Krishna Teja Ayinala, Kwok Sun Cheng, Kwangsung Oh, and Myoungkyu Song

This paper introduces SIL (Similar Changes Inspection with Deep Learning), a code review tool that summarizes and inspects systematic and recurring code changes in evolving software systems. SIL combines AST-based edit scripts, data and control dependence analysis, and a deep learning classifier trained on four clone types mined from 25,000 open-source programs. Implemented as an Eclipse plug-in, SIL detects inconsistent or missing changes, reducing review effort and improving code review accuracy.

TopExplorer: Tool Support for Extracting and Visualizing Topic Models in Bioengineering Text Corpora (EIT 2020)

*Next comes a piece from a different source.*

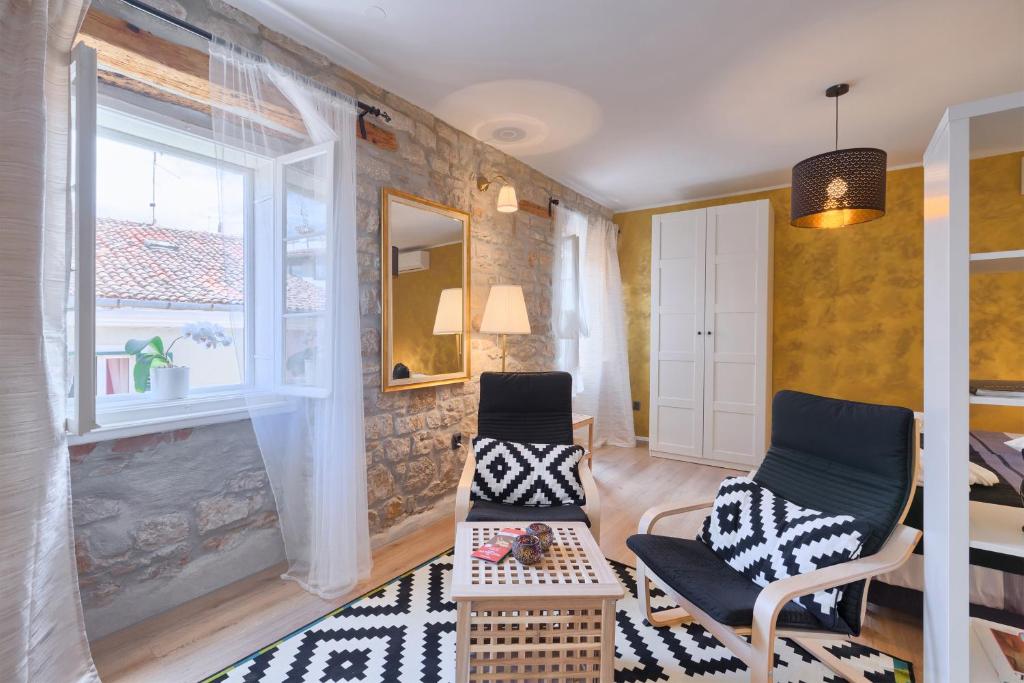 un soggiorno con 2 sedie e un tavolo di Luxury Apartment Fabris a Rovigno (Rovinj)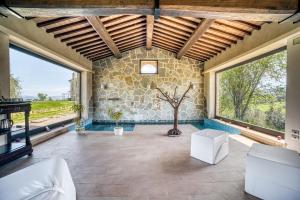 a large room with large windows and a stone wall at Le Buccole Country House in Marsciano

Kwok Sun Cheng, Zhipeng Wang, Pei-Chi Huang, Parvathi Chundi, and Myoungkyu Song

This paper presents TopExplorer, an interactive topic modeling and visualization tool for exploring large-scale bioengineering document collections. TopExplorer integrates LDA, Hierarchical LDA, and phrase mining to uncover latent thematic structures and relationships across documents. The tool provides interactive visual analytics, including topic distributions, hierarchical topic trees, and document-level views. Evaluation on 600 bioengineering articles shows improved knowledge discovery, trend analysis, and decision-making.